Cuando la clase obrera europea hubo recuperado las fuerzas suficientes para emprender un nuevo ataque contra el poderío de las clases dominantes, surgió la Asociación Internacional de los Trabajadores. Esta tenía por objeto reunir en un inmenso ejército único a toda la clase obrera combativa de Europa y América. No podía, pues, partir de los principios expuestos en el Manifiesto. Debía tener un programa que no cerrara la puerta a las tradeuniones inglesas, a los proudhonianos franceses, belgas, italianos y españoles, y a los lassalleanos alemanes.

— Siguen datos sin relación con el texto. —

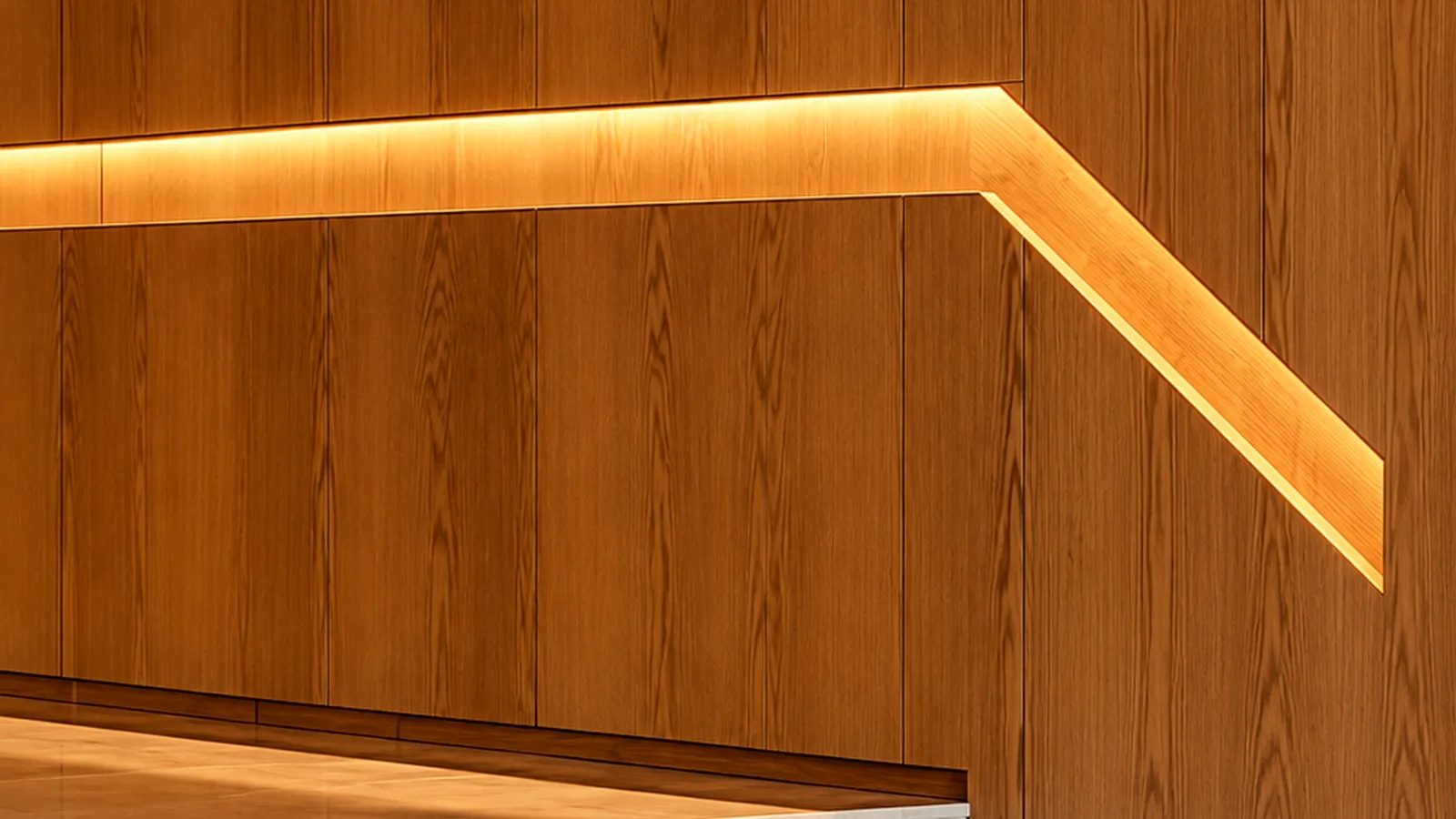 Corrimão embutido com LED: a escada que vira destaque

Este programa –el preámbulo de los Estatutos de la Internacional– fue redactado por Marx con una maestría que fue reconocida hasta por Bakunin y los anarquistas. Para el triunfo definitivo de las tesis expuestas en el Manifiesto, Marx confiaba tan sólo en el desarrollo intelectual de la clase obrera, que debía resultar inevitablemente de la acción conjunta y de la discusión. Los acontecimientos y las vicisitudes de la lucha contra el capital, las derrotas, más aún que las victorias, no podían dejar de hacer ver a los combatientes la insuficiencia de todas las panaceas en que hasta entonces habían creído y de tornarles más capaces de penetrar hasta las verdaderas condiciones de la emancipación obrera. Y Marx tenía razón. La clase obrera de 1874, cuando la Internacional al dejó de existir, era muy diferente de la de 1864, en el momento de su fundación. El proudhonismo en los países latinos y el lassalleanismo específico en Alemania estaban en la agonía, e incluso las tradeuniones inglesas de entonces, ultraconservadoras, se iban acercando poco a poco al momento en que el presidente de su Congreso [3] de Swansea, en 1887, pudiera decir en su nombre: «El socialismo continental ya no nos asusta». Pero, en 1887, el socialismo continental era casi exclusivamente la teoría formulada en el Manifiesto. Y así, la historia del Manifiesto refleja hasta cierto punto la historia del movimiento obrero moderno desde 1848. Actualmente es, sin duda, la obra más difundida, la más internacional de toda la literatura socialista, el programa común de muchos millones de obreros de todos los países, desde Siberia hasta California.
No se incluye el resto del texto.